The House of Yes is nothing if not a many-layered treat. Setting the tone by first introducing the main players of the story — fraternal twins Marty and Jackie — as the adult Jackie narrates over home videos of their childhood shot by Marty, the audience watches a precocious and energetic tween dressed in the iconic pink Chanel suit and pillbox hat as she gives a tour of their luxurious Virginia home, imitating the famed black and white White House tour of the First Lady herself. (Footage of the real Jackie’s White House tour is intertwined with the home movie.)
Marty catches Jackie showing off the empty study of their father, whose death occurred the same day as JFK’s assassination in 1963 — something she quickly glazes over in a whirl of mania, throwing herself into a playful frenzy through the rest of the house. The chaos finally ends as the movie cuts to its present framing: Northern Virginia, 1983, on the eve of Thanksgiving, where Jackie, whose time capsule wardrobe and borderline personality disorder arrive with dizzying charm courtesy of Parker Posey’s performance, is taping up the windows in preparation for the incoming hurricane that is expected to hit in the midst of the family’s holiday meal.
More than the fear of shattered windows, though, Jackie’s family — including her mother, played by somehow always underrated Bujold, and younger brother Anthony, brought to life by the aforementioned Freddie Prinze Jr. — seem more concerned about the possibility of Jackie herself shattering.
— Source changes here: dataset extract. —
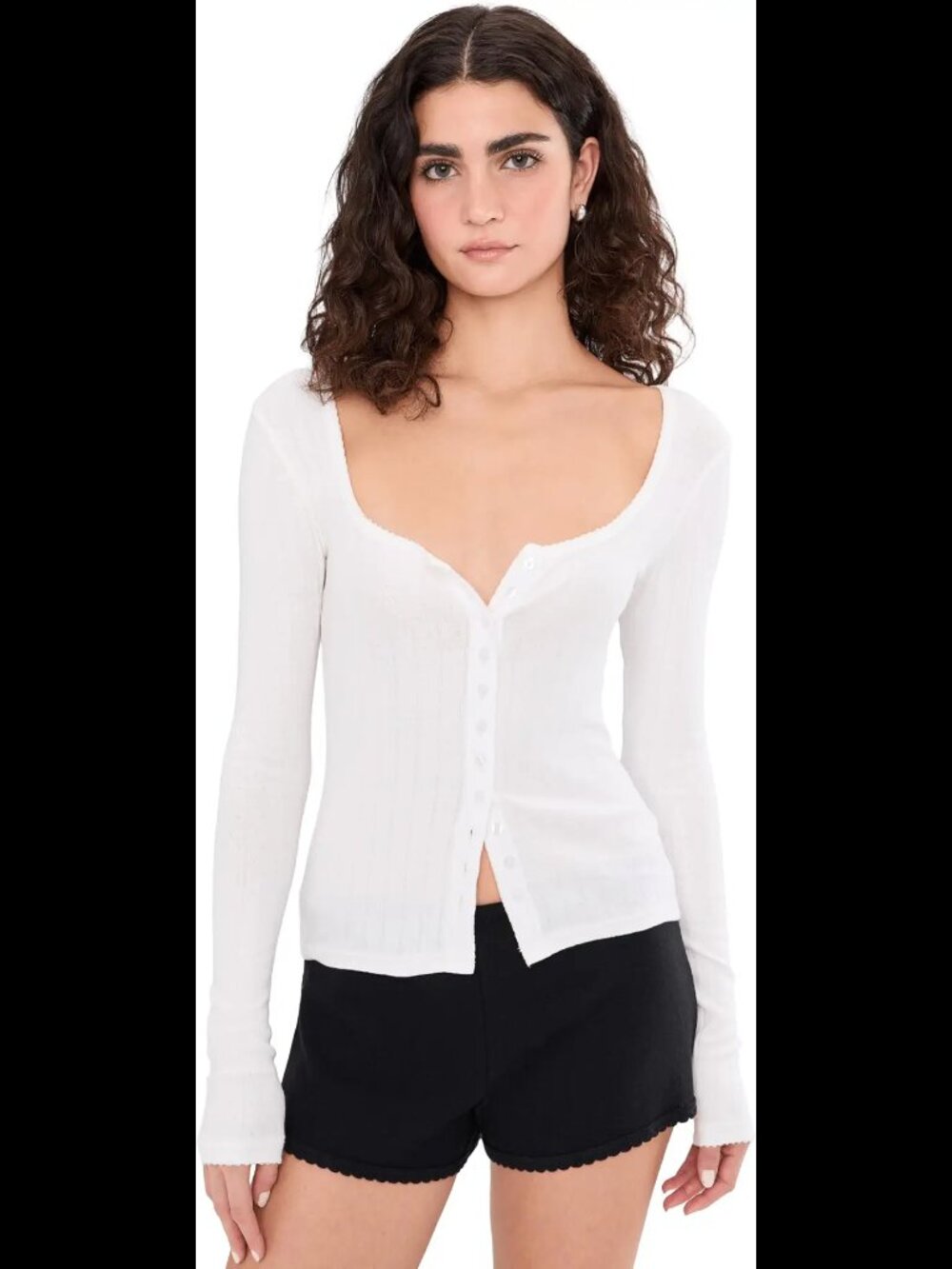 Free People End Game Pointelle Long Sleeve - Sugar Swizzle - Picture 3 of 8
With dinner still to be made and the news still being broken to Jackie (clad in the perfect little black dress, perfectly painted red lips, a sleek bob a lá Jackie Onassis circa 1969, and visible bandaging on her wrist) that brother Marty will be returning home for dinner accompanied this year by “a friend”, the tension is palpable.
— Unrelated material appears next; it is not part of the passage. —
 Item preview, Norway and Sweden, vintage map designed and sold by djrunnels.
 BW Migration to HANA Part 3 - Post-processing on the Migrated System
As Jackie slowly, gleefully, unravels with the insecurity over whether Marty’s friend is just a friend, cracks in her facade of Kennedy perfection become increasingly clear; insisting that she has to find a brush before Marty arrives and not comb because combs make your hair flat and she wants it to gleam. Although her mother and Anthony seem to be happy to indulge her fantasies and desperate needs, the time runs short as a blow-open door and crash of rain offer the much-awaited object of Jackie’s mania, Marty, who she literally throws herself onto with affection… and his fiancee Lesly, played by a surprisingly understated Tori Spelling — a presence and introduction that elicits nothing from Jackie except crazed laughter and the announcement that she must still find her much-needed hairbrush.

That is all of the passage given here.